Sehingga, implikasinya adalah amandemen tentunya tidak terelakan untuk menyasar pada bagian ini.
“Jika dianalisis secara lebih mendalam terkait hal itu, maka Potensi impeachment atau pemakzulan dapat saja terjadi, jika kita merifer pada konstruksi norma Pasal 7A UUD 1945 saat ini," katanya.
"Hal ini menjadi penting karena jika ada lembaga negara termasuk presiden yang secara nyata tidak dapat menjalankan PPHN sebagaimana mestinya, dan oleh karena dokumen hukum PPHN adalah materi muatan UUD 1945, maka secara hukum presiden dapat dianggap tidak menjalankan sumpah jabatan presiden sesuai ketentuan pasal 9 UUD 1945,” lanjut dia.

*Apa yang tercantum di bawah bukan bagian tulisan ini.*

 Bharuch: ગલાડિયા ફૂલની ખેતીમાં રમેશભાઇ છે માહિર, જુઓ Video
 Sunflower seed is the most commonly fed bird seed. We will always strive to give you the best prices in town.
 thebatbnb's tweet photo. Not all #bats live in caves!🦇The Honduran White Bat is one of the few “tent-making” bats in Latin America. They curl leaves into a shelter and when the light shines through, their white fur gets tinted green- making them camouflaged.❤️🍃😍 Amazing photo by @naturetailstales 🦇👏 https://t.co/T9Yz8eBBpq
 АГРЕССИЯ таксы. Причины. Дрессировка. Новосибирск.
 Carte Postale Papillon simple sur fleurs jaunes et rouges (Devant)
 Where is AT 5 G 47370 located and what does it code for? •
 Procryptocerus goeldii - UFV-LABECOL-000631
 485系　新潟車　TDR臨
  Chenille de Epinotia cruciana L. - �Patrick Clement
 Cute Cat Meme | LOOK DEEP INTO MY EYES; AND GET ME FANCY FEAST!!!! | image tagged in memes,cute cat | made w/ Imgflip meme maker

Pasal 9 UUD 1945 mengatakan “bersumpah akan memenuhi kewajiban Presiden Republik Indonesia dengan sebaik-baiknya dan seadil-adilnya memegang teguh UndangUndang Dasar dan menjalankan segala undangundang dan peraturannya dengan seluruslurusnya serta berbakti kepada Nusa dan Bangsa”.
Dengan demikian berdasarkan penalaran yang wajar dan logis, jika ruang ketentuan Pasal 3 yang diamandemen secara otomatis dan teknis akan terbuka ruang-ruang dan norma pasal-pasal konstitusi lain yang saling terkait satu dengan yang lain yang akan mengalami perubahan.
Larenanya, menurut dia, bukan merupakan hal yang mustahil bahwa desain konstitusional mengenai “impeachment” akan dipaksa untuk mengikuti logika desain hukum PPHN saat ini yang sedang bergulir.
“Maka membuka kotak pandora menjadi sebuah keniscayaan, sehingga secara otomtasi dengan di aktivasinya Pasal 7A akan berakibat pada perubahan ketentuan norma Pasal 24C ayat (2) di UUD 1945 yang mengatur soal kewajiban MK memutus pendapat DPR. Jika konsekwensinya ketentuan Pasal 3 disahkan, berarti akan ada potensi MK memutus pendapat MPR sepanjang berkaitan dengan pelanggaran tidak dilakukannya produk PPHN oleh MPR,” katanya.
Fahri menjelaskan, jika semua lembaga negara harus melaksanakan PPHN, berarti secara akademik dapat dikatakan bahwa MPR telah menjadi lembaga yang supreme dalam struktur ketatanegaraan Indonesia.
Hal ini, kata Fahri, tentunya menjadi ironi dan deviasi dengan konsep dan paradigma purifikasi sistem presidensial yang telah dibangun dibawah UUD NRI Tahun 1945.
"Yang mana hal ini telah terelaborasi secara konstitusional sebagaimana tersurat dalam ketentuan Pasal 1 ayat (2) UUD NRI 1945 yang menyebutkan bahwa Kedaulatan berada di tangan rakyat dan dilaksanakan menurut Undang-Undang Dasar," katanya.